Indonesia’s news agency Antara in 2016 quoted Ma’ruf as saying “we want a stern prohibition of LGBT activities and other deviant sexual activities and legislation that categorizes them as crime[s].” According to Harsono, “Ma’ruf Amin also issued fatwa[s] discriminating against women ranging from female genital mutilation is a must, to child marriage, to many other issues regarding Muslim women.”

A man walks past an anti-LGBT banner with writings that read "Indonesia is on LGBT emergency" and "LGBT is a contagious disease, save the young generation from LGBT people."
A man walks past an anti-LGBT banner with writings that read "Indonesia is on LGBT emergency" and "LGBT is a contagious disease, save the young generation from LGBT people."

On the opposition side, Prabowo will mobilize a “nationalist, populist authoritarian appeal to strong leadership,” said Aspinall. His running mate Uno, who was also instrumental in the campaign to topple Ahok, was chosen after he pledged IDR500 billion ($342,700) to both the Islamic PAN and PKS parties.

Sandi, as Uno is known, hails from Gorontalo on the island of Sulawesi and will be the only candidate on the presidential ballot who is not from Java.
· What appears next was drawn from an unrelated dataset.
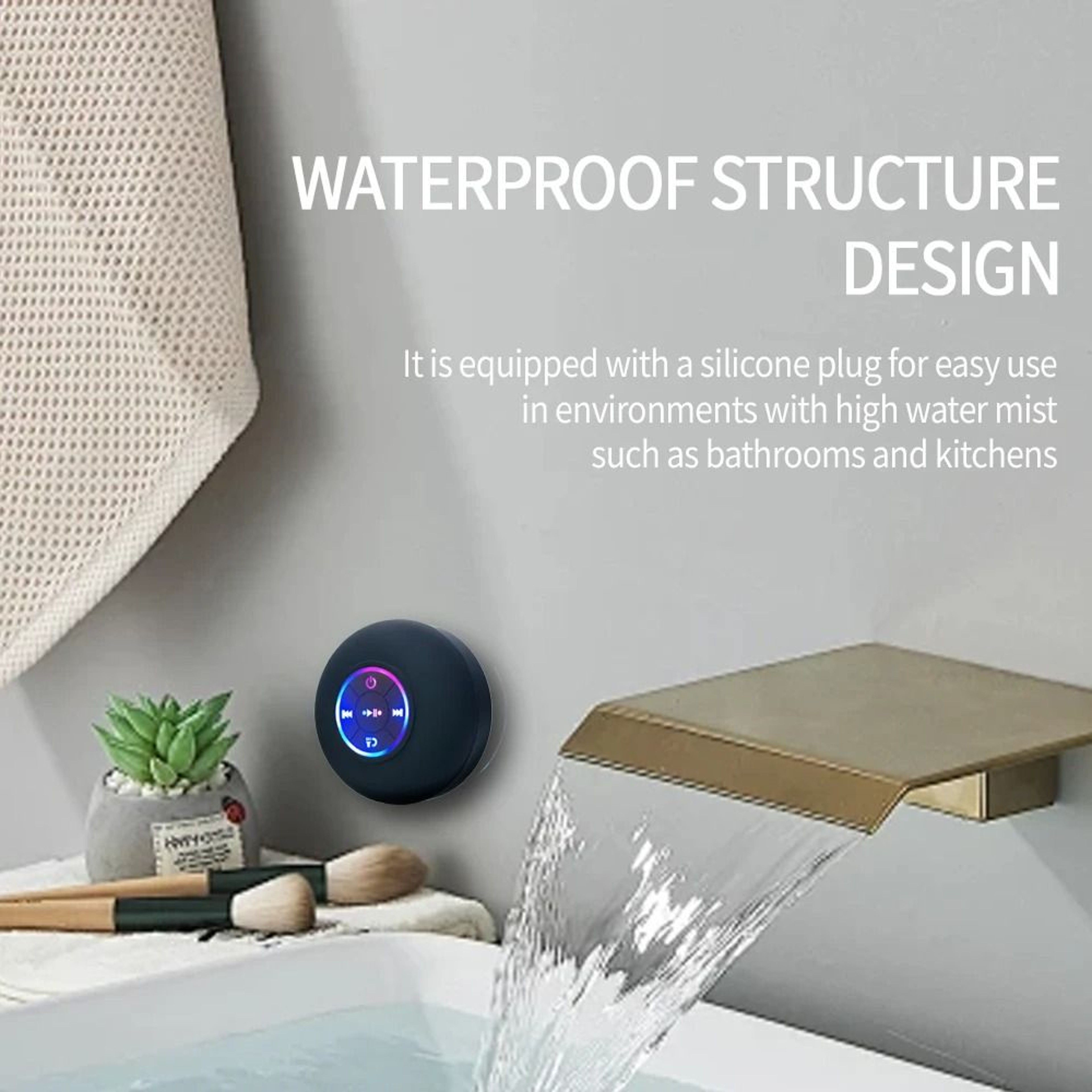 Waterproof Bluetooth Speaker With LED Lights Suction Cup Portable Design 5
In a diverse country of thousands of islands and hundreds of languages, which has nevertheless been long dominated by the ethnic Javanese majority, this could prove an important factor in attracting the votes of ethnic minorities – particularly those in Sulawesi.

But neither of the coalitions is expected to prioritize minority rights in the election campaign. “Minorities Ahmadiyyah to Christian, from women to LGBT individuals, are increasingly being sandwiched between these two political camps,” added Harsono. “It is not good news at all for their future, but also for the future of Indonesia.”